Calculate days between dates, add or subtract time from any date, and count business days excluding weekends and holidays. Free, instant, handles leap years automatically.
This is the single most common source of "off by one" errors in date calculations. The two methods give genuinely different answers, and which one applies depends entirely on context.
| Method | Jan 1 to Jan 3 equals | Used For |
|---|---|---|
| Exclusive (gap only) | 2 days | Hotel nights, elapsed time, "how many days until" |
| Inclusive (both count) | 3 days | Eligibility periods, legal notice periods, billing cycles |
Hotel bookings almost always use exclusive counting — checking in on Jan 1 and checking out on Jan 3 means 2 nights stayed. Legal notice periods and eligibility windows often use inclusive counting — "you have 3 days from January 1st" typically means January 1, 2, and 3 all count. Always read the specific contract, rule, or policy carefully rather than assuming. The calculator above lets you toggle between both methods.
"Business days" isn't universal — different countries have different weekend days and different public holiday calendars, which matters for international contracts and shipping estimates.
| Country/Region | Weekend Days | Typical Annual Public Holidays |
|---|---|---|
| United States | Saturday, Sunday | 11 federal holidays |
| United Kingdom | Saturday, Sunday | 8 bank holidays |
| Canada | Saturday, Sunday | 9-10 (varies by province) |
| Australia | Saturday, Sunday | 8-13 (varies by state) |
| UAE / Saudi Arabia | Friday, Saturday | varies, often Islamic calendar-based |
| Israel | Friday, Saturday | varies, Hebrew calendar-based |
Our Business Days calculator above uses the standard Saturday/Sunday weekend and optionally excludes the 11 major US federal holidays. For countries with different weekend conventions or holiday calendars, manually adjust the total by the relevant difference.
A leap year adds February 29th to keep the calendar aligned with Earth's orbit, which takes approximately 365.2422 days. Without leap years, the calendar would drift by about 1 day every 4 years.

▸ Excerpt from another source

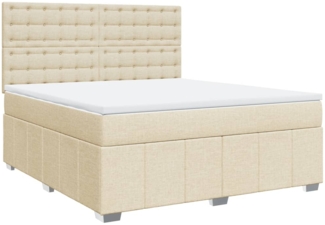 vidaXL Boxspringbett mit Matratze Creme 180x200 cm Stoff 3291766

The leap year rule: A year is a leap year if divisible by 4 — EXCEPT century years (divisible by 100), which are NOT leap years — UNLESS also divisible by 400. So 2024 and 2028 are leap years. 2100 will NOT be a leap year despite being divisible by 4. 2000 WAS a leap year because it's divisible by 400.
| Year | Leap Year? | Why |
|---|---|---|
| 2024 | Yes | Divisible by 4, not a century year |
| 2026 (current) | No | Not divisible by 4 |
| 2028 | Yes | Divisible by 4, not a century year |
| 2000 | Yes | Divisible by 400 |
| 2100 | No | Divisible by 100, but not 400 |
Our calculator handles all leap year logic automatically — every "days between dates" and "add/subtract" calculation correctly accounts for February having 29 days in leap years and 28 in regular years.

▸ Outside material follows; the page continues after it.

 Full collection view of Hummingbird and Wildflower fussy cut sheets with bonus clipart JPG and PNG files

One of the most common sources of real-world errors — missed flights, contract disputes, software bugs — is date format ambiguity between countries.

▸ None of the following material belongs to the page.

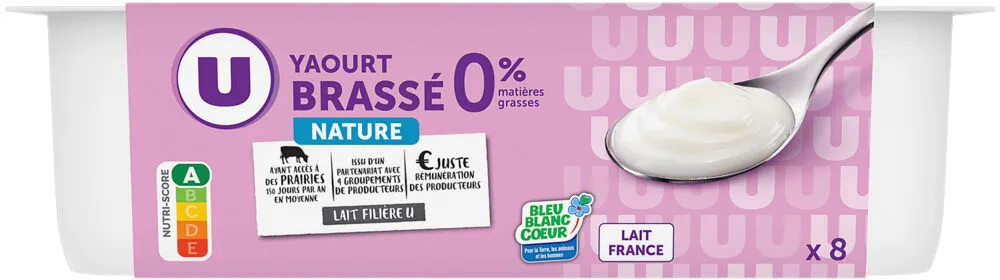 Yaourts brassés nature 0% de matière grasse 8x125g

| Format | 03/04/2026 means | Used In |
|---|---|---|
| MM/DD/YYYY | March 4, 2026 | United States |
| DD/MM/YYYY | April 3, 2026 | UK, Europe, most of the world |
| YYYY-MM-DD (ISO 8601) | Unambiguous | International standard, technical/legal documents |
💡 Best practice: Whenever writing a date for an international audience, a contract, or any technical context, use ISO 8601 format (YYYY-MM-DD) — for example, 2026-04-03. It's unambiguous, and as a bonus, it sorts correctly alphabetically/numerically, which is why it's the standard for filenames, databases, and APIs worldwide.